» Task to carry out: Copy out exactly the lines below that run from the one holding "启：我们应当以信心来到主的圣餐桌前。 We ought" to the one holding "Just idag är", keeping both of those lines and no others.

» Materials provided:
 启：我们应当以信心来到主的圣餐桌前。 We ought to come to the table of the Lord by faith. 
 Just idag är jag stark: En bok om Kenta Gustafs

---

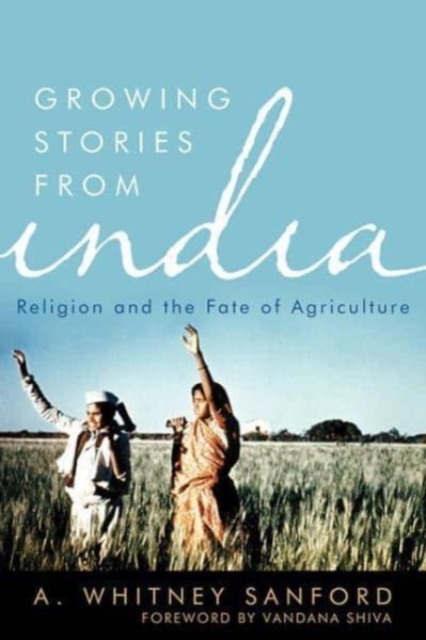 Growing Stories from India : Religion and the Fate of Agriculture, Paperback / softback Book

...

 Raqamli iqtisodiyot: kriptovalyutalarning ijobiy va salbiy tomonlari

» Answer section:
 启：我们应当以信心来到主的圣餐桌前。 We ought to come to the table of the Lord by faith. 
 Just idag är jag stark: En bok om Kenta Gustafs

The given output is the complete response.